We started playing around 9:30, Chris left at 10:15, leaving Sami, Robin and me. Two of us would play a round while the other watched and when the round ended, we passed the controllers along. It was so much fun. We cracked out until 12:30 when Sami finally relented to her sleepiness. It wasn't that we were the best or even won all the time, but when we did it was incredibly satisfying. As I mentioned before, there are all sorts of ways to play a round. There is the typical slaughter-or-be-slaughtered, king of the hill, hold the human skull without getting killed, kill only the VIPs for points, you only get a sword to kill people, and on and on. The setting we had made it so whoever was hosting a room (or "killing floor" as I like to call it) could decide on the kind of game. Before the game started, the other players were allowed to veto the game choice which if successful (majority rules) would default to good 'ol Slayer.

I went home yesterday after a busy day at work. I was excited at the prospect of zoning out on Halo for a little bit before Robin got home. Popping in the disk, I thought I might as well try plugging in my headset so I could talk to my teammate, whoever they turned out to be. The first few rounds were chatless because the other player didn't have a headset. When someone finally did have a microphone, they were obviously asking me a question - in Portugese.

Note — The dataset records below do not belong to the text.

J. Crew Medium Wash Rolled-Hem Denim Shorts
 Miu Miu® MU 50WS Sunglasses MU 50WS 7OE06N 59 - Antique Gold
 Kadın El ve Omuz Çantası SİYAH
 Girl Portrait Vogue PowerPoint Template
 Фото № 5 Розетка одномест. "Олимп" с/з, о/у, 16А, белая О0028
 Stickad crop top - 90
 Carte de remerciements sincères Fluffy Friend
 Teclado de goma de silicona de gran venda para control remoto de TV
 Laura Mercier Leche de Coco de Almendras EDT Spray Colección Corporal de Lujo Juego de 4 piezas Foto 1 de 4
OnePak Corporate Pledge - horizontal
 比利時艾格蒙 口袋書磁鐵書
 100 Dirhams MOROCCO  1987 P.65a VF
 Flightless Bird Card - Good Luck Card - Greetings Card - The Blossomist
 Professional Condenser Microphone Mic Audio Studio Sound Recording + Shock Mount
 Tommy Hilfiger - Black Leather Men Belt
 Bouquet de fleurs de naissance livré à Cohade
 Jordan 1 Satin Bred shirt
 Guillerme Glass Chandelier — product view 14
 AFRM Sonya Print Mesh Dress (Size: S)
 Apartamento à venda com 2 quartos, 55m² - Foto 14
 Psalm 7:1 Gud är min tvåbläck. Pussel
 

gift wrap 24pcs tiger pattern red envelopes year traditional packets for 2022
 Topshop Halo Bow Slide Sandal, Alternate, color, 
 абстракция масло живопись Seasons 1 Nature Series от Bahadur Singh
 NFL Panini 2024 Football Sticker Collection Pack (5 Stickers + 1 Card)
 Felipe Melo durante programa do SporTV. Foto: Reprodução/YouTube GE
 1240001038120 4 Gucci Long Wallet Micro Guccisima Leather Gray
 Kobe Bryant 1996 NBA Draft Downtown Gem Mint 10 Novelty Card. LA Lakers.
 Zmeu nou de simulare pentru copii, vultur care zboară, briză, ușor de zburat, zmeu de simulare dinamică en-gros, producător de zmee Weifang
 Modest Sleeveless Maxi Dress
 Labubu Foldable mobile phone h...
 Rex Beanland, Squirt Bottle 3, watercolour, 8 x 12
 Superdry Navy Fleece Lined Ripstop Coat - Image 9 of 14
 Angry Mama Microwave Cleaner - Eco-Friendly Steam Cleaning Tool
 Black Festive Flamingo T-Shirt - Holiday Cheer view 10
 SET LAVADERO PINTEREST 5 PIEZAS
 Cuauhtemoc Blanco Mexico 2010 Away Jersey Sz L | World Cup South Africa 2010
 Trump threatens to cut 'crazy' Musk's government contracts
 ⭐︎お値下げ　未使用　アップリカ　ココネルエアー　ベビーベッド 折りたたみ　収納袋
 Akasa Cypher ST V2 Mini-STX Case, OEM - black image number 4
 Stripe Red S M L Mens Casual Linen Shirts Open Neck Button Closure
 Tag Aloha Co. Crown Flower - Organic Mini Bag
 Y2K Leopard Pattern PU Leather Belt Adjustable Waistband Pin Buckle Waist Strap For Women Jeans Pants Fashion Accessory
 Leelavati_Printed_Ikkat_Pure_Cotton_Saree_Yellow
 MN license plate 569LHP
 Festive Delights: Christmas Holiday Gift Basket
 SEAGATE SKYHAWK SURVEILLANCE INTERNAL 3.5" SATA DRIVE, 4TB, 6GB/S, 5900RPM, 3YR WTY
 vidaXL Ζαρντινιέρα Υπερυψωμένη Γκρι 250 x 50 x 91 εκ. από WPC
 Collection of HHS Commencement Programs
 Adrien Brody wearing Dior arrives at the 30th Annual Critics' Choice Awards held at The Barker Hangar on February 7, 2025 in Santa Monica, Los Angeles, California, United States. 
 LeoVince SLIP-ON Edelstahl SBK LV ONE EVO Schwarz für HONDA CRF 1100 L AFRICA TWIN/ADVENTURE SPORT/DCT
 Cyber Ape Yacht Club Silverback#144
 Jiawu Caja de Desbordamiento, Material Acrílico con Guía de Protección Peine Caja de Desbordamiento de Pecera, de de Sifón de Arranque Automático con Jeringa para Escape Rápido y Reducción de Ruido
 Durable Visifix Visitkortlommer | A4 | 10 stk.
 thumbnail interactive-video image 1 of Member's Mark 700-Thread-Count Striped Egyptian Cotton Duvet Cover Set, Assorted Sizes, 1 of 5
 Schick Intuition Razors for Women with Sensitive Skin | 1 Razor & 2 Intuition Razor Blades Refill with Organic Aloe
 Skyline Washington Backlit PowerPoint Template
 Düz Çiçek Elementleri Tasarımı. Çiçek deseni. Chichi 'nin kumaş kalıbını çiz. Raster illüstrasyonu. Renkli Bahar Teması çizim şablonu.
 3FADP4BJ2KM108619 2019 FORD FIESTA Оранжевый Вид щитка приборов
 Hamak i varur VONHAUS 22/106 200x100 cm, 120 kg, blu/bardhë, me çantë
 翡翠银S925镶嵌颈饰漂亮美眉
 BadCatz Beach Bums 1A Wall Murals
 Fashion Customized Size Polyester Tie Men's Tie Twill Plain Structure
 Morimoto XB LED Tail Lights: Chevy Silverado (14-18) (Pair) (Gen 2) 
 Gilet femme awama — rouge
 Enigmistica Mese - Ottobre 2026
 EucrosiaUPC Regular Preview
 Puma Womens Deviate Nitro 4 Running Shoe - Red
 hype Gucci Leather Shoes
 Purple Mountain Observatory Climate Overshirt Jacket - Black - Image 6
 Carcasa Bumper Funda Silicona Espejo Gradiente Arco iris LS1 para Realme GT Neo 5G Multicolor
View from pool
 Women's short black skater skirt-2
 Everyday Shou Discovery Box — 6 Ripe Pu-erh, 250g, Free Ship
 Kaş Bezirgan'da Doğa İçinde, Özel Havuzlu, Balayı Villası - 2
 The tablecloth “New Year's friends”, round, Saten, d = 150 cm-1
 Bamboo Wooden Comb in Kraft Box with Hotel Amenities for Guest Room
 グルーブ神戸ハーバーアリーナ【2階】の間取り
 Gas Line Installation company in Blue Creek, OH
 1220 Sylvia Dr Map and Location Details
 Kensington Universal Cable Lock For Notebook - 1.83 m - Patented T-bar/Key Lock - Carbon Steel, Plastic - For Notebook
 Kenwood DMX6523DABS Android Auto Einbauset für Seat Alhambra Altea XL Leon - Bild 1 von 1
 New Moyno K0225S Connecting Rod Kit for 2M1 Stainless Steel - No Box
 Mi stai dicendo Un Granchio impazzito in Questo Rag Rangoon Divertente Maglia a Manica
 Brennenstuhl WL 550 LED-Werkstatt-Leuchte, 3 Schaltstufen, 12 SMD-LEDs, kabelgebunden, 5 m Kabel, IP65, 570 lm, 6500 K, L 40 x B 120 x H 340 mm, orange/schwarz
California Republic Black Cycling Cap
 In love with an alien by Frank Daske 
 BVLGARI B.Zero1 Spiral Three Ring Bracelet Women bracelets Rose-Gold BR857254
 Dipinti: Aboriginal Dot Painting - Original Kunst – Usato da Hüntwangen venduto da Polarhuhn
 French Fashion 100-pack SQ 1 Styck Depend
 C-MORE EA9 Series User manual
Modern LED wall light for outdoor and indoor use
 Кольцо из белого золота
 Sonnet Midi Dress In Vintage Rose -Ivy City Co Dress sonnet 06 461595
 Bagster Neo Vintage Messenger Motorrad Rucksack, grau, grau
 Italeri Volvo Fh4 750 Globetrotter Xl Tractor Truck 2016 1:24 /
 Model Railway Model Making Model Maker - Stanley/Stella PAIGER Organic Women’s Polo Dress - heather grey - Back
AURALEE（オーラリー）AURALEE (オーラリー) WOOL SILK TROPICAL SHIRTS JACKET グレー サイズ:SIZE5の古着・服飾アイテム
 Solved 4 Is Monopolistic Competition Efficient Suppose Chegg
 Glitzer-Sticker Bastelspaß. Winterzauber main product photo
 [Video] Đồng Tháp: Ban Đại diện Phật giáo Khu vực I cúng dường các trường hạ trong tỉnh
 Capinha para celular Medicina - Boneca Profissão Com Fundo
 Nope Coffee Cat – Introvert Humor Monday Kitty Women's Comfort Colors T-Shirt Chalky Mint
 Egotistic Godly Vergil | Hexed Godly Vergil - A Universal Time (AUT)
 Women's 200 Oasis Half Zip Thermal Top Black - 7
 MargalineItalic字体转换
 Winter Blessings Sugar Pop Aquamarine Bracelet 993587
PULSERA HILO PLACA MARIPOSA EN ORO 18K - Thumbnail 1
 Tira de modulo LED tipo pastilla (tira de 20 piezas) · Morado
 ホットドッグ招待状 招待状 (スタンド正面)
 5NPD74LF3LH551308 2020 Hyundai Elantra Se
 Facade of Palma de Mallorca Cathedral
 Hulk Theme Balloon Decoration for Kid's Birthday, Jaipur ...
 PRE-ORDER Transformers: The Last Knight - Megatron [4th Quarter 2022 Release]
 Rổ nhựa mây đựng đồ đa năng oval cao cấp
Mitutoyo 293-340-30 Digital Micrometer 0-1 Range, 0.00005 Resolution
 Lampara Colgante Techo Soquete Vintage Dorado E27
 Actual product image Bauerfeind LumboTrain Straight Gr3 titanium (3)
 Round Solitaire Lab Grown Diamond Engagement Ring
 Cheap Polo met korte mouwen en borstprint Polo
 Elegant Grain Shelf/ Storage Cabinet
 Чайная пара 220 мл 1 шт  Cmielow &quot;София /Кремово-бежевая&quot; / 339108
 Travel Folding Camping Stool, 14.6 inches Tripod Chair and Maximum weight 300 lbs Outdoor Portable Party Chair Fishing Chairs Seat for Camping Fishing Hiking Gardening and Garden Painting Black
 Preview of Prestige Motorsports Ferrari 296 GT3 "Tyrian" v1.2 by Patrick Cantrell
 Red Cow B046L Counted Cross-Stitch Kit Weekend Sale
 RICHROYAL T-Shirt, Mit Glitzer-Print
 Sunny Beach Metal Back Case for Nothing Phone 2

I said, "I'm sorry, I don't speak Portugese." My teammate became very excited. He exclaimed, "Good for you! You did not think I was speaking Italian or Spanish! I'm Fausto, what is your name?" Since he knew English, we chatted it up and developed some kick ass strategy for the following round. His English was very good and his accent absolutely beautiful. When a round concludes, you have the option of playing with your partner again, which we did a couple more times. It turned out that Fausto was relaxing after his shift at a local tavern (it was 1am in Lisbon). He said that he had to throw out three drunks that night who were Greek. "Greek men," he said agitatedly, "they always fuck up your bar." I laughed, "Oh? I wouldn't know, we don't get very many of the Aegean types over here." He sounded surprised, "You know where the Aegean is? You are not like many Americans I meet." I was puzzled, "And what kind might that be?," to which he replied, "The drunk kind, of course!" I laughed so hard. His friend with whom he usually plays showed up, so he bid me a nice evening. I did the same and turned off the XBOX; Robin was about to be home soon anyway.

So for those of you who think video games are all self-indulgent, time-wasting, hermit-creating abominations, why not try some online Halo? You never know who you'll meet or what time zone they'll be in!

Just try not to suck. HOOT HOOT HOOT!